Из правила альтернанса вытекает еще одно правило, как ни странно, твердого названия в стиховедении не имеющее. Мы позволили себе назвать его правилом скрещения рифмических цепей. Формулируется оно так: «Между двумя рифмующими строками могут находиться строки не более чем на одну рифму». Это значит: допустимы рифмовки АБАБ, АБАБАБ, АББА, АБББА АБББААБ и пр., но недопустимы, например, АБВБАВ, АБВГАГБВ и пр. В самом деле, в таких сложных скрещениях рифмических цепей трудно соблюсти правило альтернанса. Если, например, А – женское окончание (прописная буква), а б – мужское (строчная буква), то приведенные примеры будут выглядеть: АбВбАВ, АбВгАгбВ – в первом сталкиваются женские нерифмующие окончания А и В, во втором – мужские нерифмующие г и б. Поэтому такие скрещения рифмических цепей обычно допускаются в тех литературах, где окончания стихов преимущественно однородны, например в итальянской, где все они, как правило, женские, но не во французской и не в русской.

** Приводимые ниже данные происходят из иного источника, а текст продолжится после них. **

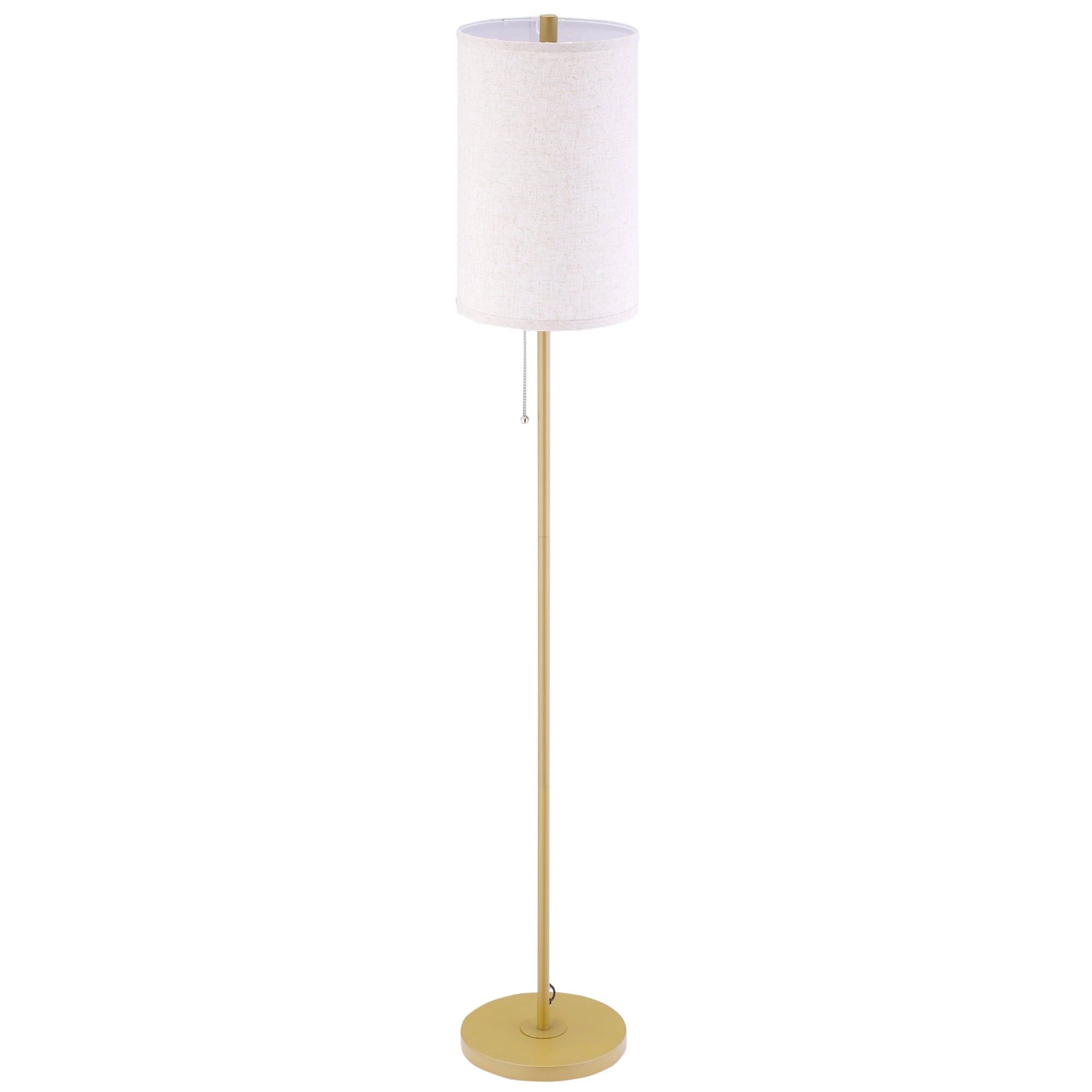 HOMCOM Stehlampe Standleuchte elegantes Design weiches Licht Leinen Cremeweiß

У этих двух правил есть простое психологическое обоснование. Человеческому сознанию, настроенному на рифмическое ожидание, легко уследить одновременно за двумя рифмическими цепями (особенно когда одна из них женская, другая – мужская), но уже трудно – за тремя, а тем более за четырьмя. Для этого нужен навык, тренировка слуха. В Европе такой навык выработался в аристократической поэзии провансальских трубадуров (XII—XIII вв.), благо там еще не установилось сковывающее правило альтернанса. Но при переходе в другие, менее развитые (по тому времени) литературы этот навык утратился, и рифмовка упростилась.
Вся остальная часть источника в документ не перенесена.